Guru hendaknya tidak lagi mengajar sekedar sebagai kegiatan menyampaikan
pengetahuan, keterampilan, dan sikap kepada siswa. Guru hendaknya mengajar
untuk membelajarkan siswa dalam konteks belajar bagaimana belajar mencari,
menemukan, dan meresapkan pengetahuan, keterampilan, dan sikap.
Dengan penerapan CBSA,
siswa diharapkan akan lebih mampu mengenal dan mengembangkan kapasitas belajar
dan potensi yang dimilikinya secara penuh, menyadari dan dapat menggunakan
potensi sumber belajar yang terdapat di sekitaranya. Selain itu, siswa
diharapkan lebih terlatih untuk berprakarsa, berfikir secara teratur, kritis,
tanggap dan dapat menyelesaikan masalah sehari-sehari, serta lebih terampil dalam menggali, menjelajah, mencari,
dan mengembangkan informasi yang bermakna baginya. Pencapaian keadaan siswa
yang diharapkan melalui penerapan CBSA ini, akan memungkinkan pembentukan
sebagai “pengabdian abadi pencarian kebenaran ilmu”.
Di sisi yang lain, dengan
penerapan CBSA, guru diharapkan bekerja secara profesional, mengajar secara
sistemis, dan berdasarkan prinsif didaktif metodik yang berdaya guna dan
berhasil guna (efisien dan efektif). Artinya, guru dapat merekayasa sistem
pembelajaran yang mereka laksanakan secara sistematis, dengan pemikiran mengapa
dan bagaimana menyalenggarakn kegiatan pembelajaran aktif. Lambat laun penerapan CBSA pada
gilirannya akan mencetak guru-guru yang potensial dalam menyesuaikan diri
terhadap perubahan lingkungan alam dan sosial budaya.
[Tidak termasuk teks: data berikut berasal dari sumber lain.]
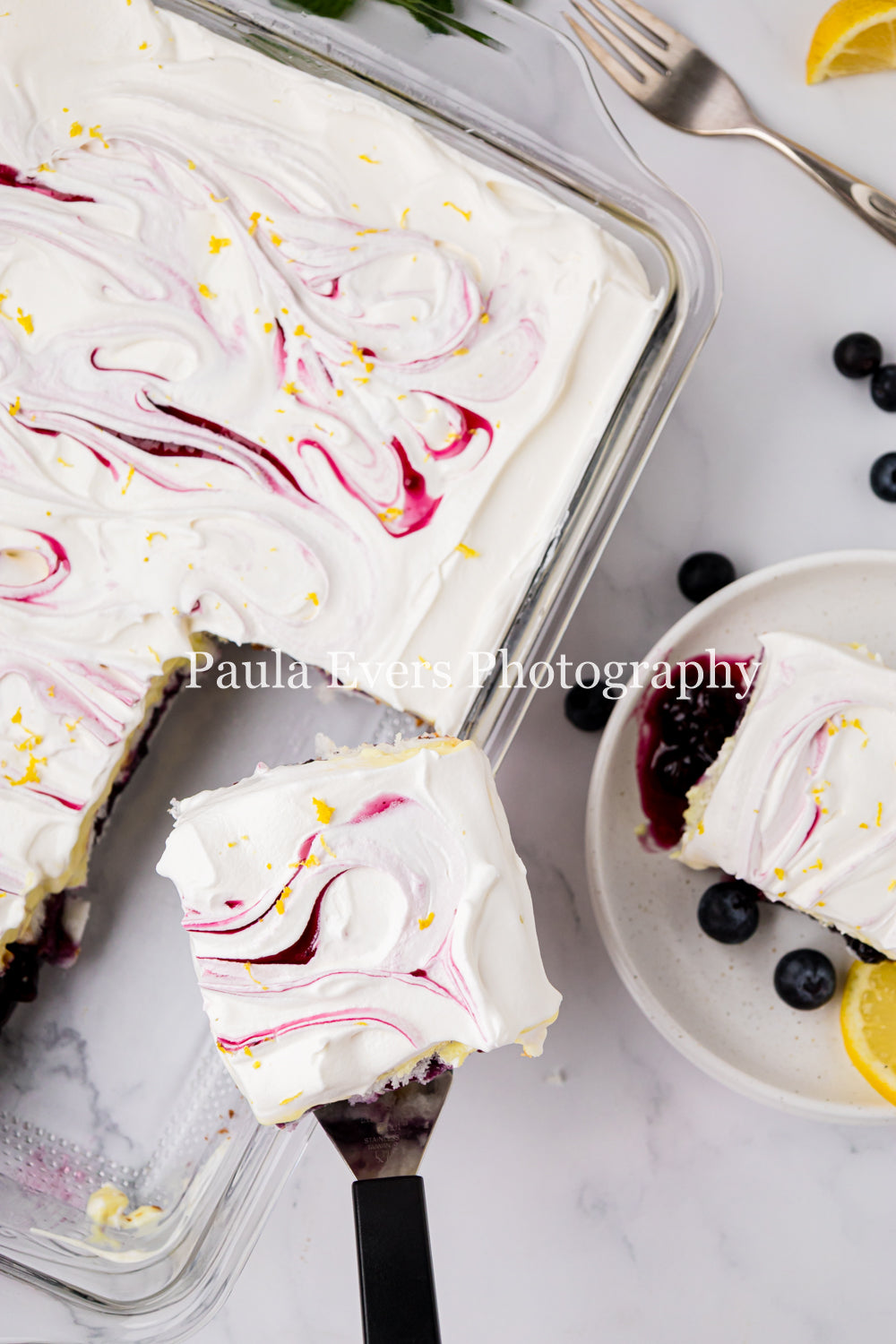 Blueberry Lemon Heaven on Earth Cake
C. Kadar CBSA Dalam Pembelajaran
Berdasarkan
pembahasan sebelumnya, kita dapat menandai adanya rentangan derajat / kadar
ke-CBSA-an dari peristiwa pembelajaran. Rentangan (kontinum) ini terjadi
sebagai akibat dari adanya kecenderungan peristiwa pembelajaran, yakni
pembelajaran yang berorientasi pada guru dan pembelajaran yang berorientasi
pada siswa. CBSA akan lebih tampak dan menunjukkan kadar yang tinggi apabila
pembelajaran lebih berorientasi kepada siswa, dan akan terjadi sebaliknya bila
arah pembelajaran cenderung berorientasi kepada guru.
Mc Keachie mengemukakan 7
(tujuh) dimensi yang mengakibatkan terjadinya kadar ke-CBSA-an.
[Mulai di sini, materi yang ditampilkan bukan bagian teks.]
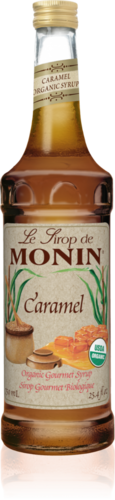 Monin Organic Caramel Syrup Product Image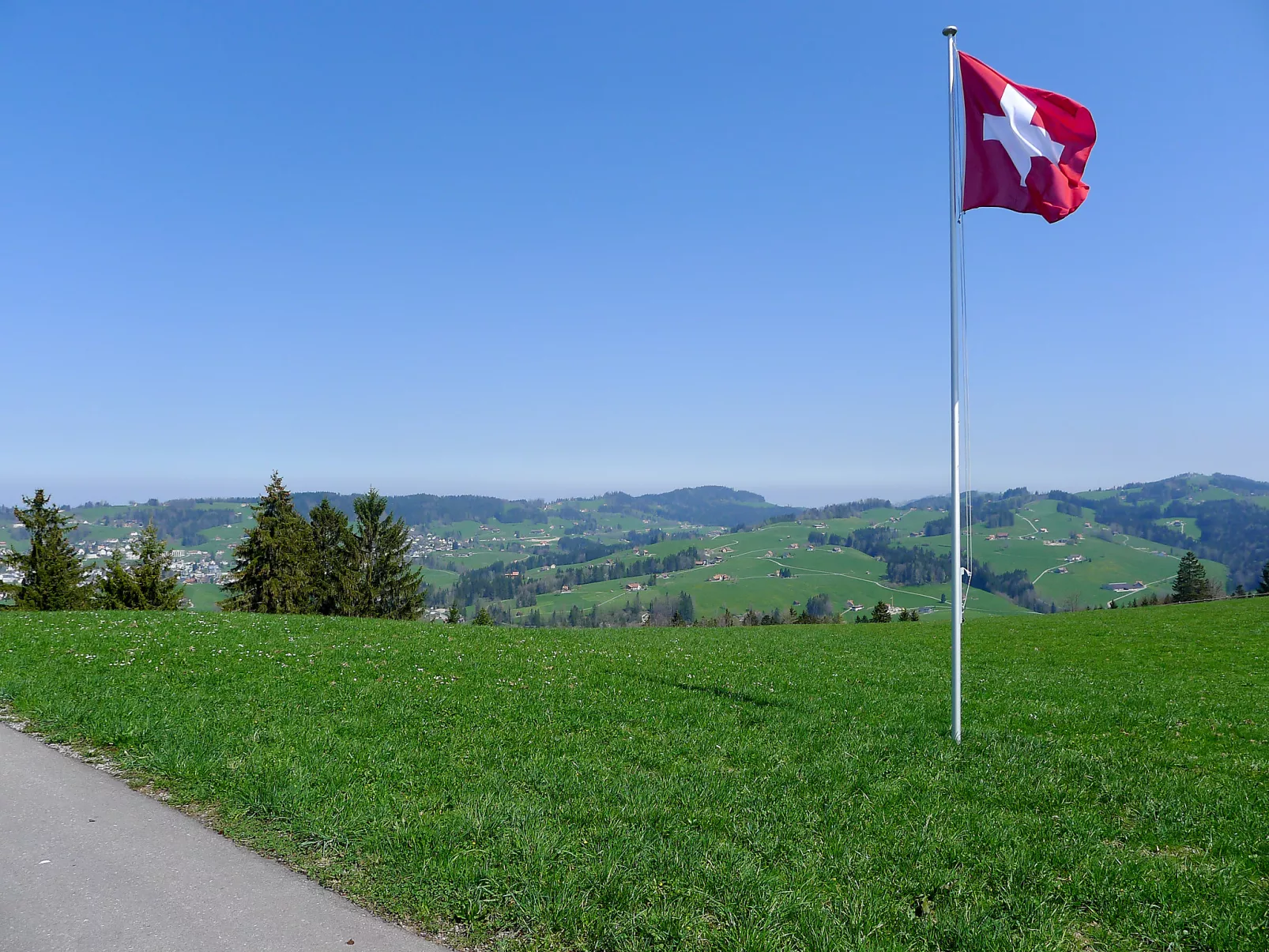 Panoramablick-Buiten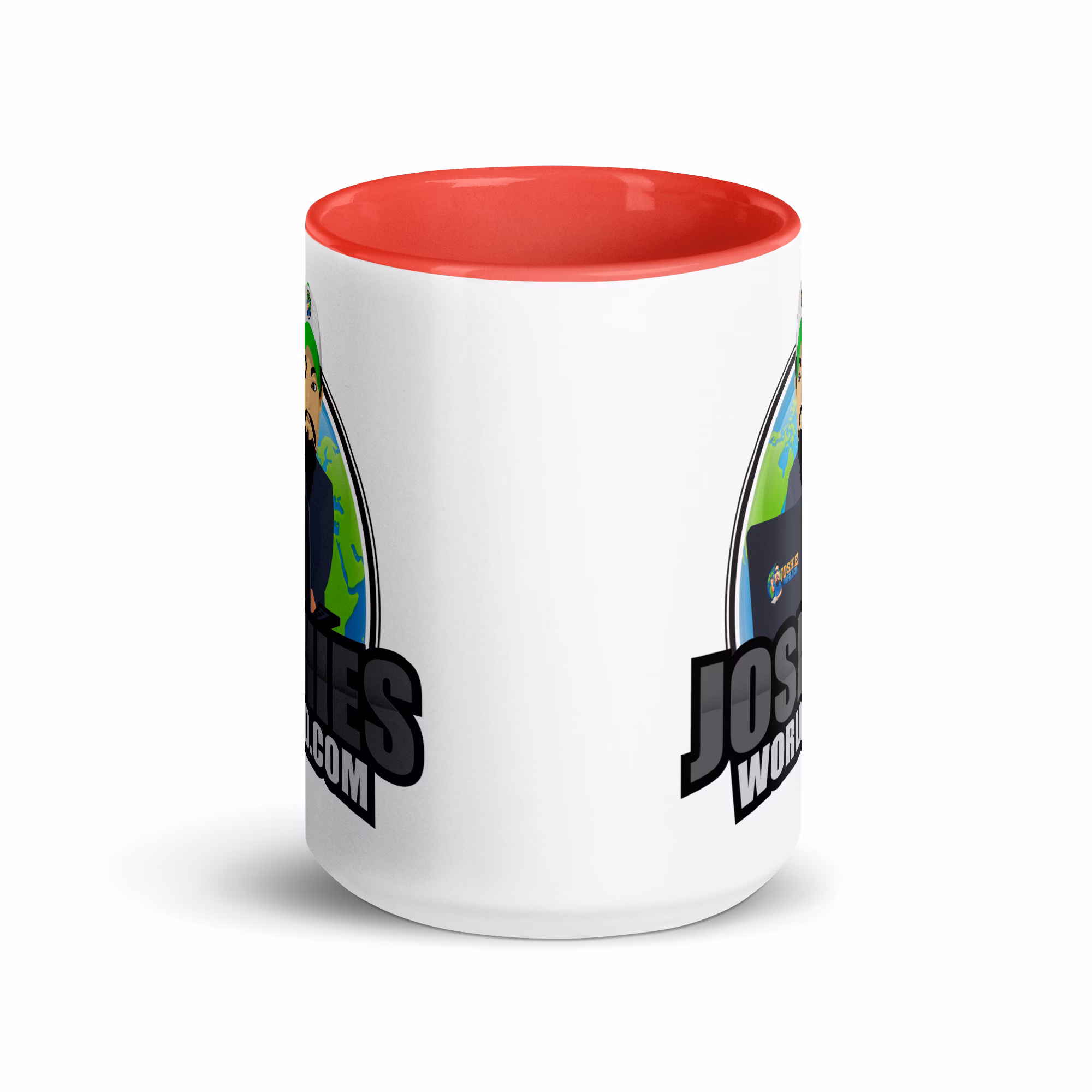 JoshiesWorld Mug with Color Inside - Image 14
Adapun dimensi - dimensi yang
dimaksud adalah:
(i)
Partisipasi siswa dalam menetapkan
tujuan kegiatan pembelajaran,
(ii)
Tekanan pada aspek afektif dalam
belajar,
(iii)
Partisipasi siswa dalam kegiatan
pembelajaran, terutama yang berbentuk interaksi antarsiswa.
(iv)
Kekohesifan (kekompakan) kelas
sebagai kelompok,
(v)
Kebebasan atau lebih tepat kesempatan yang diberikan
kepada siswa untuk mengambil keputusan - keputusan penting dalam kehidupan
sekolah, dan
(vi)
Jumlah waktu yang digunakan untuk
menanggulangi masalah pribadi siswa, baik yang berhubungan maupun yang tidak
berhubungan dengan sekolah / pembelajaran.
Yamamoto meninjau
ke-CBSA-an suatu proses pembelajaran dari segi kesadaran siswa dan guru yang
terlibat di dalamnya.
Lebih jauh Yamamato
mengungkapkan bahwa proses pembelajaran yang optimal terjadi apabila siswa yang
belajar maupun guru yang membelajarkan memiliki kesadaran dan kesengajaan
terlibat alam proses pembelajaran pada diri siswa dan guru akan dapat
memunculkan berbagai interaksi pembelajaran.
Lindgren mengemukakan 4
(empat) kemungkinan interaksi pembelajaran, yakni:
(i) Interaksi satu arah, di
mana guru bertindak sebagai penyampai pesan dan siswa penerima pesan.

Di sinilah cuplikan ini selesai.